Azelis – We bought bonds from European specialty chemical manufacturer Azelis whose products are used in the life sciences industry and in industrial applications.
IGT Lottery – We added bonds from IGT, which provides technology to the global lottery and gaming industry.
IHO – We reduced the fund’s holdings in the auto sector earlier this year. But after a difficult period for the industry and a repricing of its bonds, we added back a small position in one of our favoured names. IHO is the holding entity for the Schaeffler family’s holdings in auto suppliers Schaeffler, Continental and Vitesco.

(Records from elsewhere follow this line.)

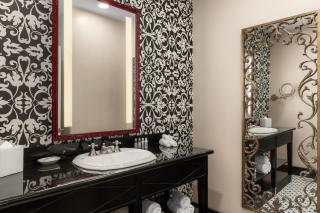 Dauphine Orleans Hotel - 4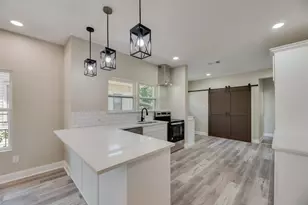 2945 May St, Fort Worth, TX 76110 - Photo 6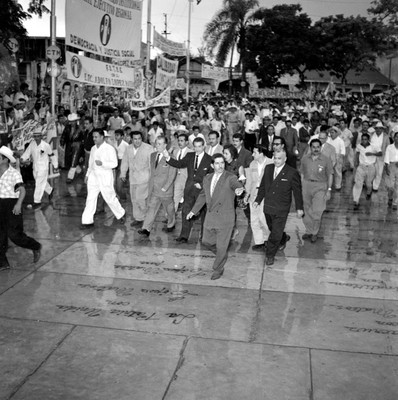 Adolfo López Mateos con comitiva príista y partidarios recibiendo la bienvenida en Minatitlán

Center Parcs – This holiday resort’s impressive ability to push up prices may finally be at its limit.
Ocado – We sold our position in food-delivery and technology company Ocado following a successful refinancing operation. Although we still believe in its mission to become a high-margin, high-cashflow technology services company, this is now reflected in the price of its bonds.
Outlook
Today, the inflation picture in the US is admittedly rather muddy. The path globally, however, is still towards lower rates. We would caution against reading across too much from (volatile) economic data in the US to the prospects for interest rates worldwide. Even if the US central bank were to move more hesitantly in lowering interest rates than was expected a few weeks ago, it would not negate the powerful effect of lower interest rates in other economies. All major developed-market central banks have brought inflation down considerably and, with the exception of the Bank of England and perhaps the Norwegian central bank, they now see slowing economic growth as a greater risk than inflation. Japan is the only clear outlier.
All else being equal, lower interest rates should be good news for bonds of almost every variety. Within that, we believe the argument for investing in short-dated investment grade bonds is particularly compelling.